The Mail on Sunday has now reported evidence that the letter is a "fake".
There were other question marks, too, over the 'corroborating' testimony. How it had been gathered and whether the women's connections via a social networking site had had any influence on their testimony, serious and credible though it seemed to be.
Denials
But there was more.
When the programme put the allegation to the Crown Prosecution Service - that Surrey police had dropped their investigation because of Savile's age and frailty - they denied it point blank.
The CPS said that one of their lawyers had reviewed the Surrey police
investigation and advised them to take no further action because of “lack of
evidence”.
They told Newsnight that:
"As this is the
case, it would not be correct to say that his age and frailty was the reason
for no further action being taken."
There was nowhere for the investigation to go - certainly not in the time before the programme came off-air for its Christmas break.
But it was neither "pulled" nor "dropped". It was paused, shelved for sound editorial reasons and those alone.
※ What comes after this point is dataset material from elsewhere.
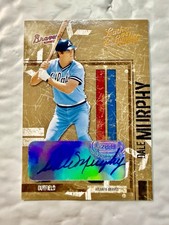 Donruss 2004 Leather & Lumber Autographed Dale Murphy Braves  #/25 picture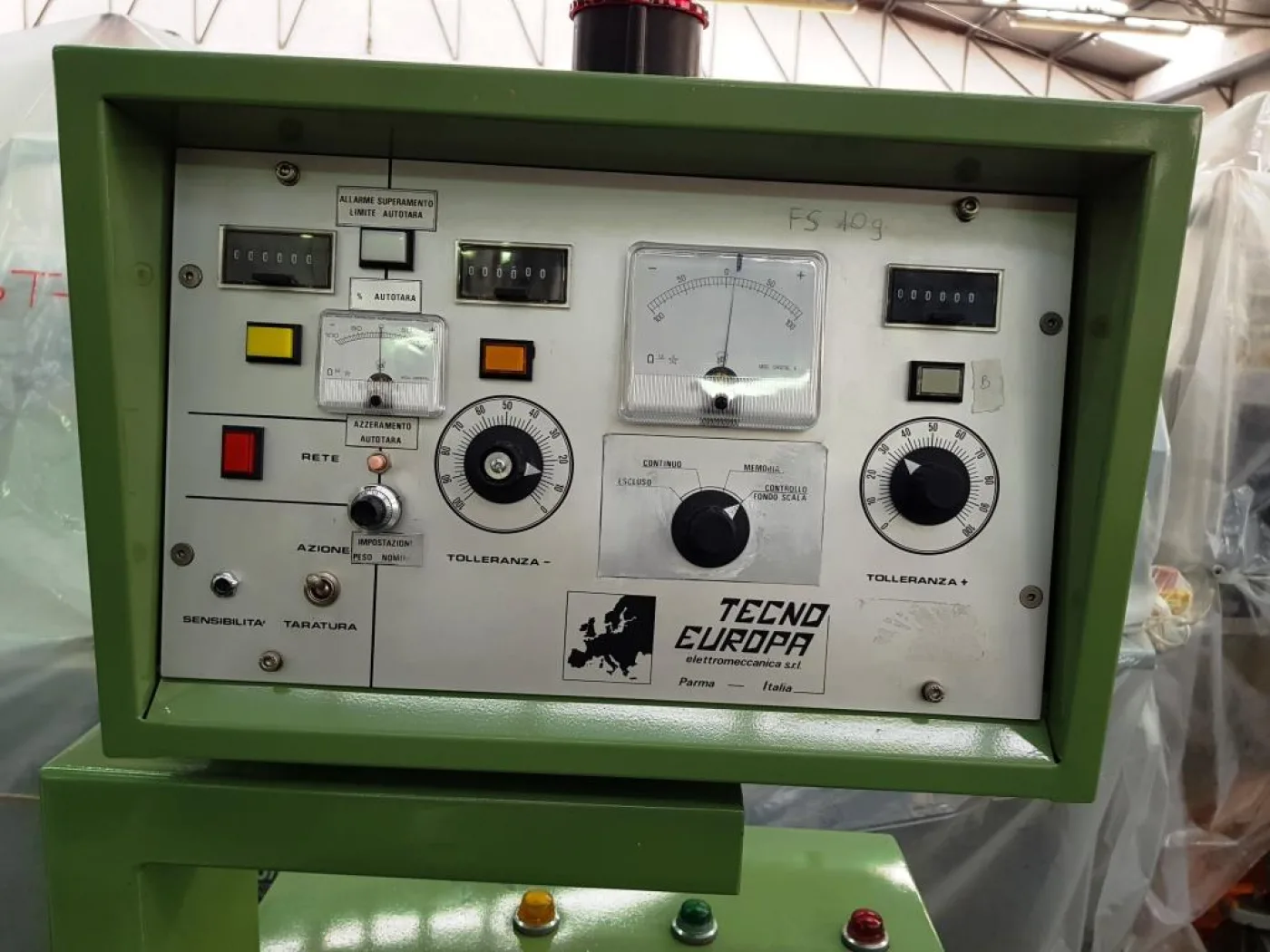 BILANCIA DI LINEA – TECNOEUROPA – MOD. FS109 - 8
And without pressure, direct or subtle, from above.
Danger
The danger for the DG is that the Newsnight inquiry will establish exactly all of this ... and to the satisfaction of all but the most eye-swivelling.
Danger, too, that it will show exactly what Entwistle has insisted all along. That as Head of BBC Vision and responsible for the network planning to run the Savile tributes, he had only a vague awareness of the Newsnight inquiry. That he, quite understandably, kept at arms length from what was happening in another BBC division ... precisely to avoid allegations of interference.
That will turn the
Newsnight question on its head.
From ‘why did
Newsnight shelve its investigation?’ to ‘why didn’t the Head of
Vision shelve the tributes once he knew that a BBC programme – or indeed
any other part of the media – was finally investigating Savile?’
That's the real and present danger to the BBC and to its DG.
*Update: I'm grateful for a tip from Richard Fletcher, the editor of Telegraph.co.uk, pointing up an article in The Lawyer back in 2008 which reported that Savile began legal action against The Sun
after articles linking him with Haut de Garenne, the Jersey children's home.
According to The Lawyer, The Sun
carried a photograph of Savile allegedly visiting Haut de Garenne and followed it with "a series of articles. One asserted that Savile was unwilling to assist with the police investigation and another that he admitted having visited the home".
The Sun
also criticised Savile for being unprepared to “go some way to fixing it for the victims”.
I agree that this makes The Sun's
post-mortem tributes to Savile even more extraordinary.